An eight-year-old girl was raped and murdered in India by a gang trying to drive away the group of Muslim nomadic herders to which she belonged.
Police say the attack in January in the Kashmir Valley on Asifa Bano had been planned for over a month as a way to terrify the Bakarwals, a Muslim community of nomadic herders, into leaving the area.
The killing has provoked shock and anger across Indian, and exposed the deep cultural divides which still exist between Muslims and Hindus in Kashmir.
Bano was grazing her family’s ponies in the forests of the Himalayan foothills when she was kidnapped.
Her raped and mutilated body was found in the woods a week later.
Asifa Bano was grazing her families ponies when she was abducted by the gang
According to investigators, Asifa was confined in a local Hindu temple for several days.
Forensic reports say she had been drugged with anti-anxiety medication, repeatedly raped, burned, bludgeoned with a rock and strangled.
Eventually, her corpse was thrown into the forest.
Asifa went missing on January 10. At the time her family was living in a village around 45 miles east of Jammu city and two days after her disappearance, the family told the police.
Her body was found five days later and her father Muhammad Yusuf Pujwala told the BBC he was sitting outside his home when one of his neighbours came running towards him.
He stopped in front of Mr Pujwala and broke the news that they had found Asifa Bano.
‘I knew something horrible had happened to my girl,’ Mr Pujwala, the 52-year-old said
His wife Naseema Bii who had rushed to the forest along with her husband to see the body.
‘Her nails had turned black and there were blue and red marks on her arm and fingers.’
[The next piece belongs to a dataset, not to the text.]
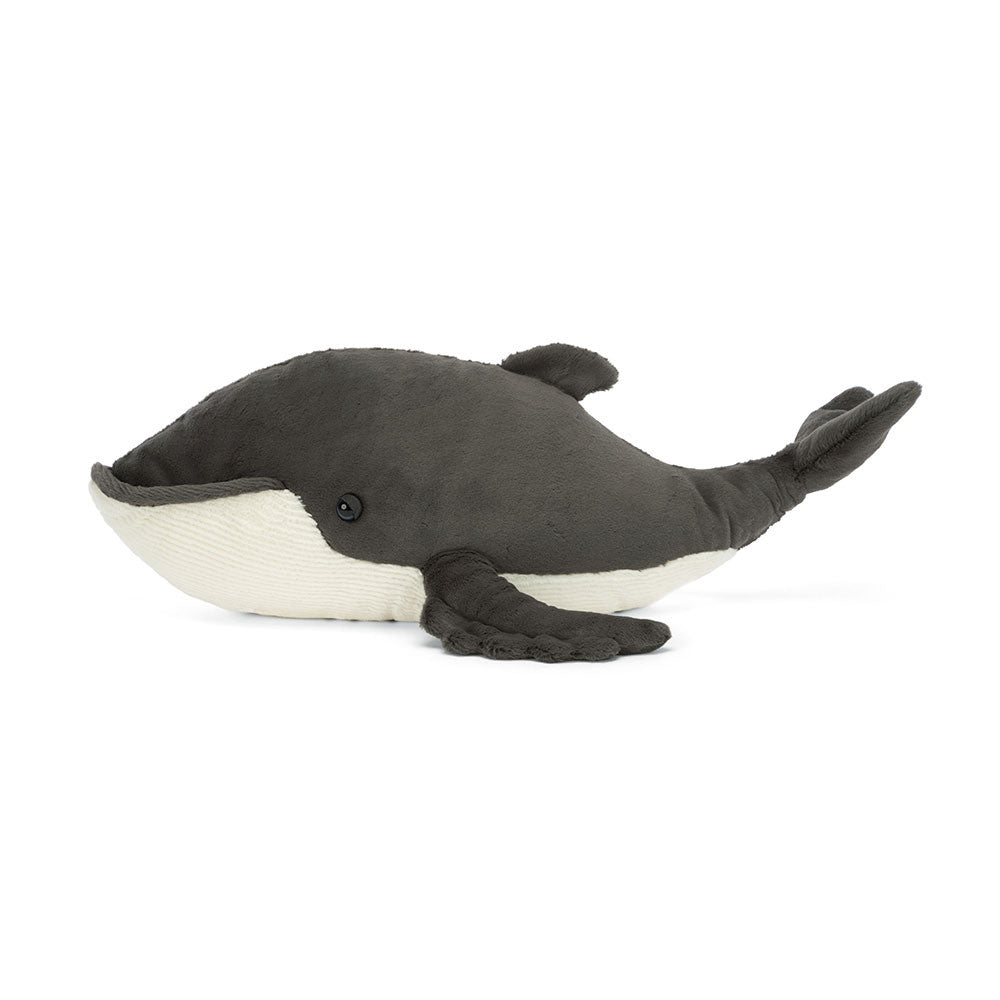 Humphrey The Humpback Whale - Soft Stuffed Animal | Wobblepaws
Students and others participate in a protest against the rape and murder of Asifa
Other demonstrations have taken place in Jammu into the arrest of the six suspects
Conflict had been brewing in recent years between Muslim nomads and local Hindus over land disputes.
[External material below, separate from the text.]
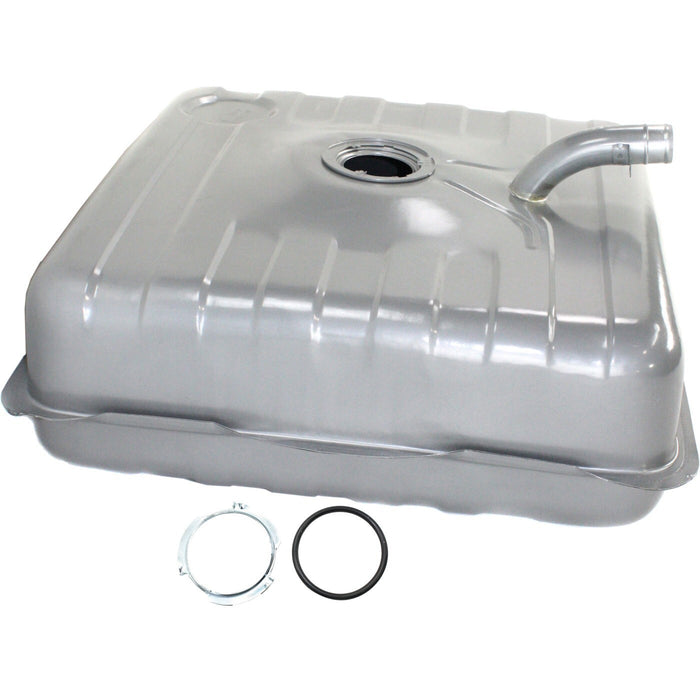 DURAFORCE 25 Gallon Fuel Gas Tank For 82-86 Chevrolet K5 Blazer 87 Blazer Silver
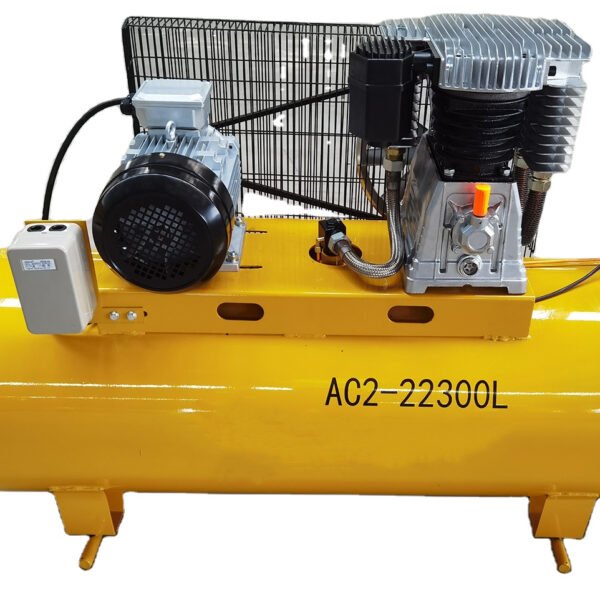Competitive Price SAYI K28 4kw Belt Driven 8 air bar 300L air tank Concentration Oxygen Booster Portable Air Compressor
Hindus claimed the herders were encroaching on their lands and there had been scuffles after nomadic girls had been allegedly harassed by Hindu men.
Police say the attack on Asifa was rooted in religious politics, with a group of local men planning to scare away the Bakarwals by simply kidnapping a girl.
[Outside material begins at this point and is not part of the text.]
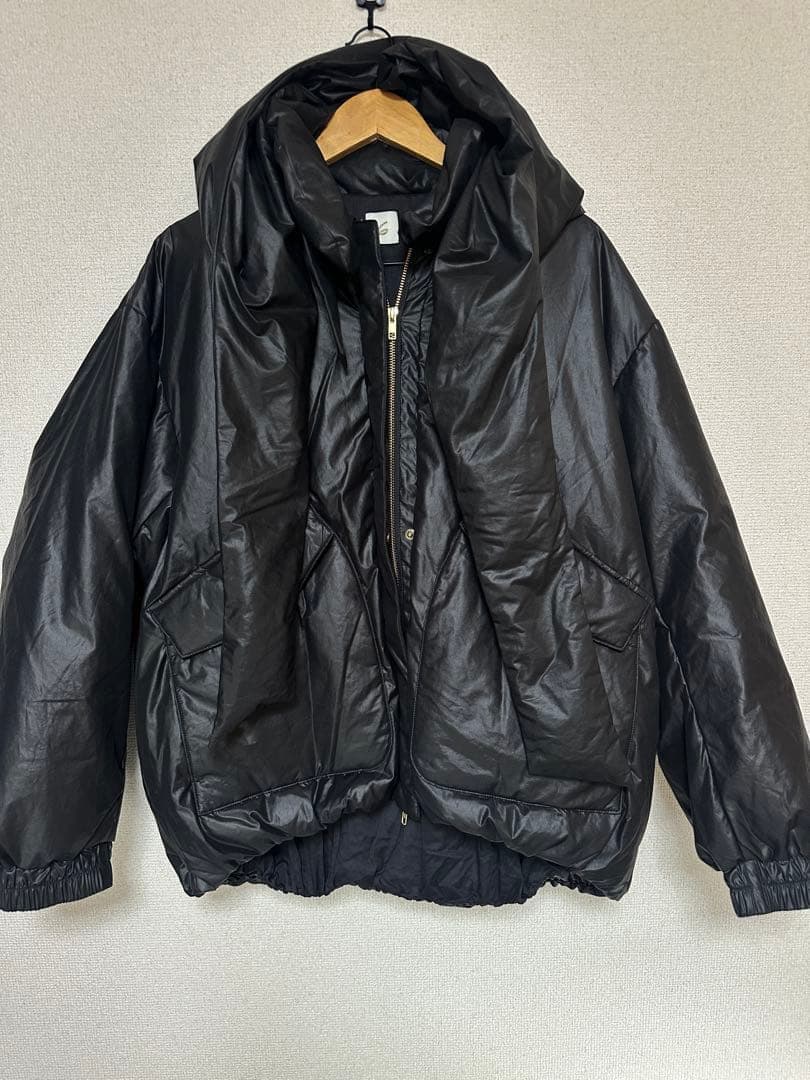 <6(ROKU)>ダウン フーディー ジャケット，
But once they had Asifa, that plan was quickly forgotten and she was killed as well.
Seven men and one child have been arrested – including retired government official Sanji Ram, 60, and four police officers.
One of those policemen also allegedly joined in the search for her body. Two other policemen were arrested for attempts to destroy evidence.
According to the charge sheet Ram asked his nephew to kidnap the girl who often came to the forests behind their house for grazing her horses.
An Indian activist holds a placard as she participates in a protest against two recent rapes
The nephew saw the girl asking about her horse and he led her into the forest telling her they were there.
But Asifa sensed trouble and tried to flee, the charges say, and the ‘juvenile caught her by her neck and covered her mouth with one of his hands as she fell on the ground’.
She was then raped by him and other men joined in before she was taken to the temple, where she was kept her inside a prayer hall under the table, covering her with the plastic mats, the charged sheet reads.
The death and police investigation has promoted fierce protests across Kashmir, India, between Hindus and Muslims.
Soon after the suspects were arrested, members of the extremist Hindu Ekta Manch, or Hindu Unity Platform, marched through the streets of Jammu arrying a massive Indian flag, chanting ‘Long Live India!’ and demanding that police release the men.
Indian policewomen try to stop a student activist from crossing a police barricade during the protest
On Monday, Hindu lawyers in Kathua tried to block police from filing their investigation report at the local court.
They said the police investigation was flawed and claimed the six Hindu men accused in the attack had been framed.
The police were forced to call for backup before handing the report of their investigation to the judge at his home.
Kashmir has over 1 million nomadic herders, including the Bakarwals, who mainly tend flocks of sheep, goats and horses.
For centuries they have migrated every summer to highland pastures and forests, and returned to the plains of Jammu in winter to graze their animals, living in temporary shelters.
But over the past 20 years some have begun settling in permanent homes, usually built in forests, sparking conflicts with people already living in those areas.